Image-caption web data:
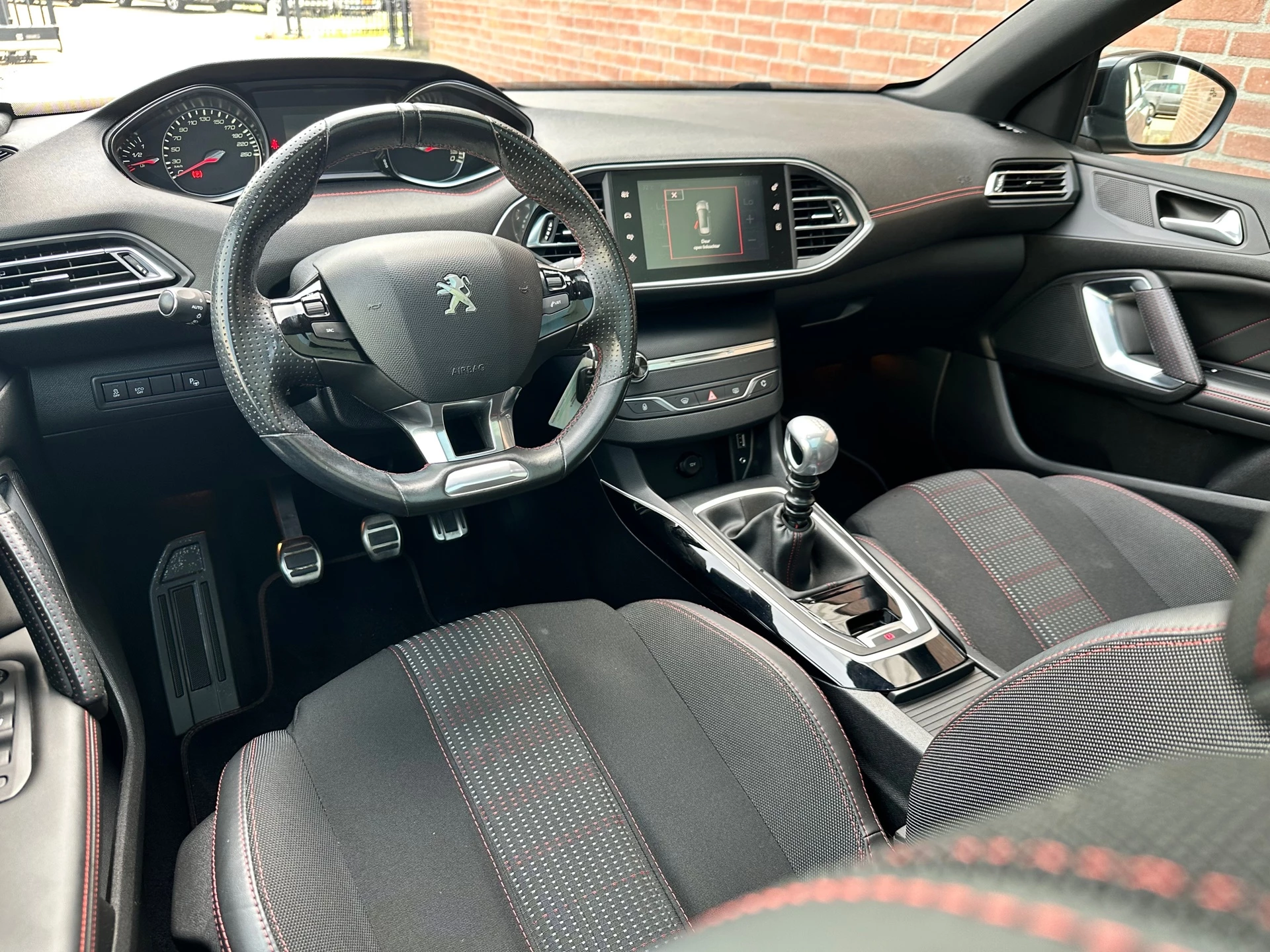 Hoofdafbeelding Peugeot 308
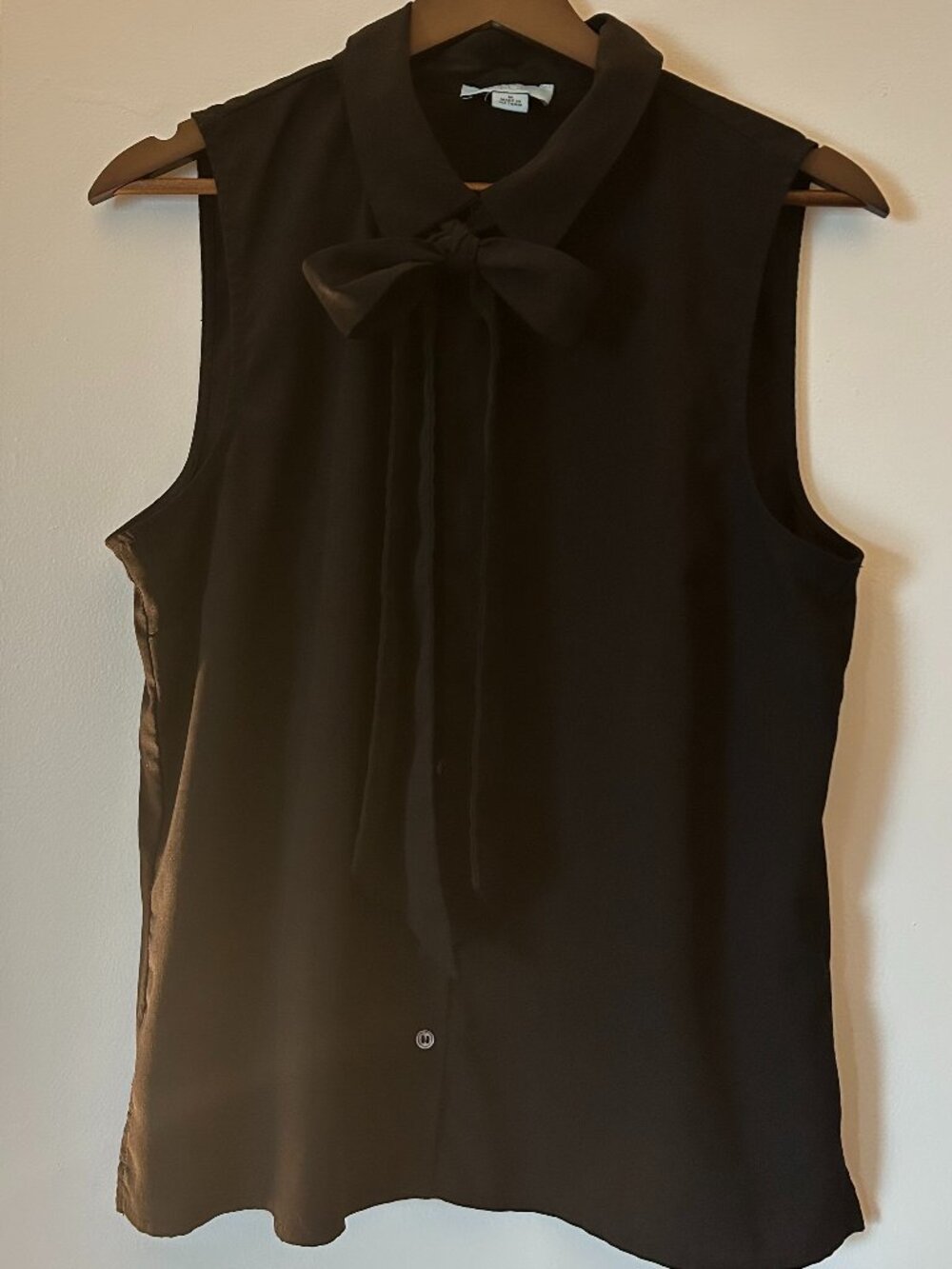 Cece bow button up top M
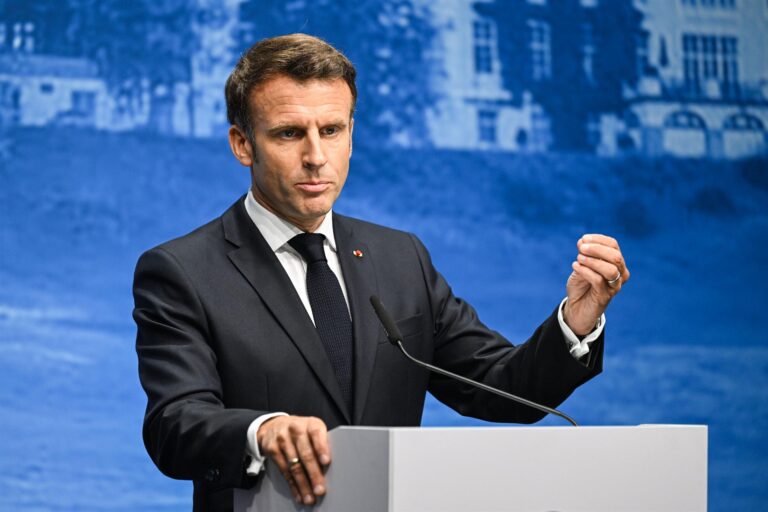 Macron aboga junto a Zelenski por la «seguridad» de la central de Zaporiyia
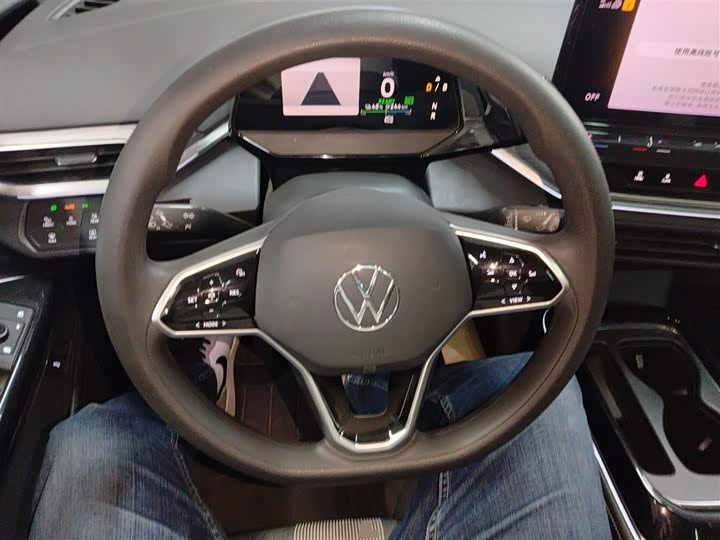 Фото 11 - Volkswagen ID.4 Crozz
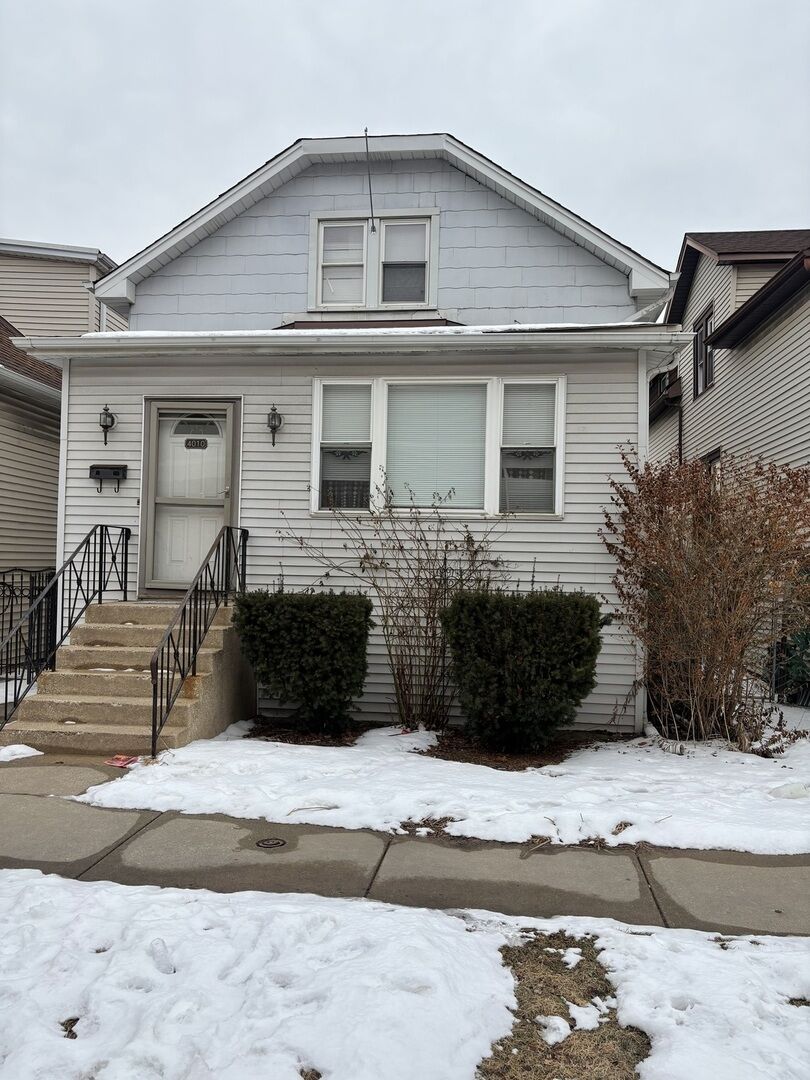 Property Photo:  4010 N Octavia Avenue  IL 60706 
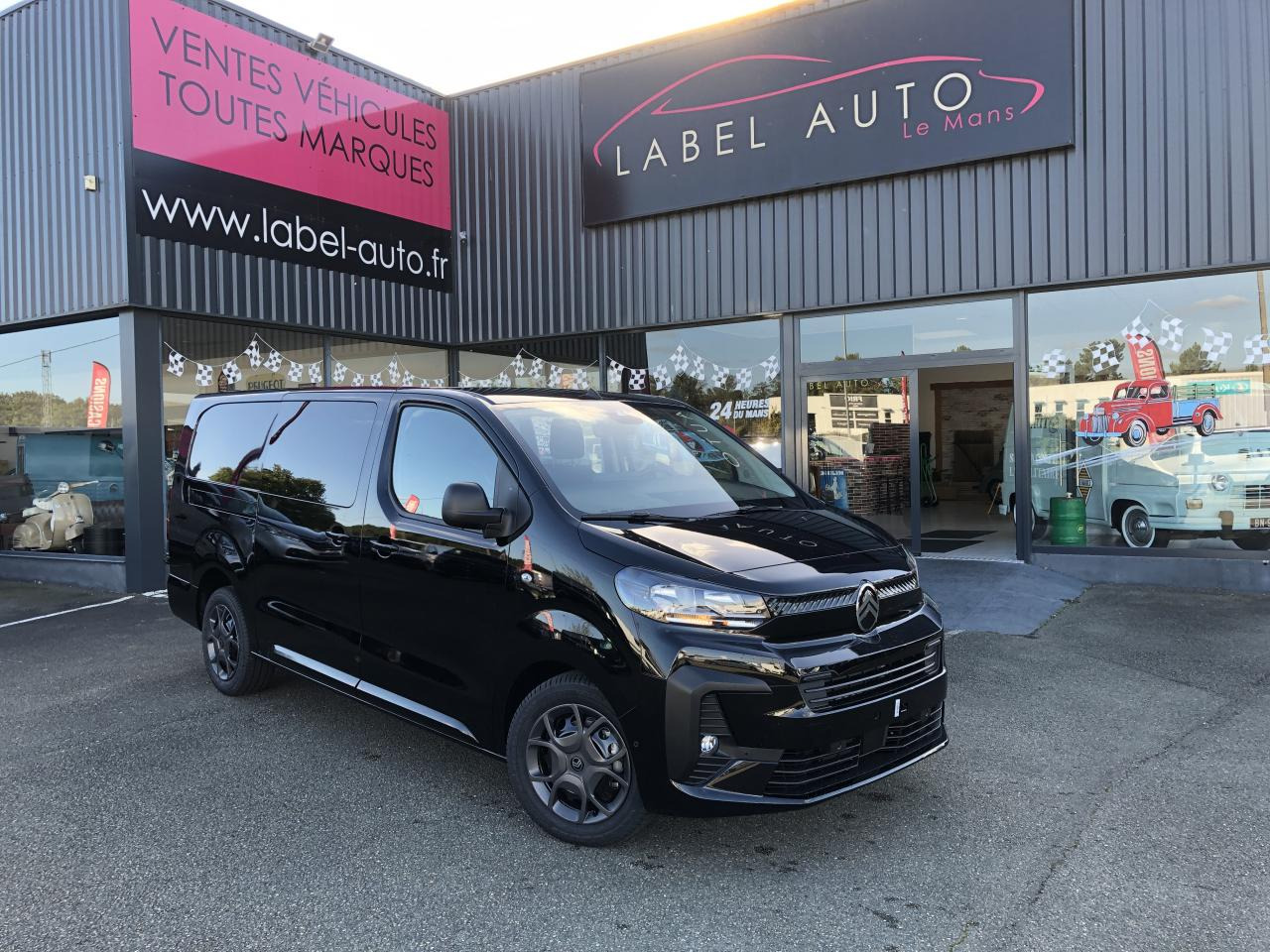 CITROEN Jumpy XL 2.0 BlueHDi - 180 S&S - BV EAT8 III CABINE APPROFONDIE Fixe PHASE 2 6 PLACES - Furgon: foto 1 CITROEN Jumpy XL 2.0 BlueHDi - 180 S&S - BV EAT8 III CABINE APPROFONDIE Fixe PHASE 2 6 PLACES - Furgon: foto 1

- **EXERCISE OBJECTIVE**
The output must match the records word for word, except that no pictures appear.

- **EXPECTED ANSWER**
 Hoofdafbeelding Peugeot 308
 Cece bow button up top M
 Macron aboga junto a Zelenski por la «seguridad» de la central de Zaporiyia
 Фото 11 - Volkswagen ID.4 Crozz
 Property Photo:  4010 N Octavia Avenue  IL 60706 
 CITROEN Jumpy XL 2.0 BlueHDi - 180 S&S - BV EAT8 III CABINE APPROFONDIE Fixe PHASE 2 6 PLACES - Furgon: foto 1 CITROEN Jumpy XL 2.0 BlueHDi - 180 S&S - BV EAT8 III CABINE APPROFONDIE Fixe PHASE 2 6 PLACES - Furgon: foto 1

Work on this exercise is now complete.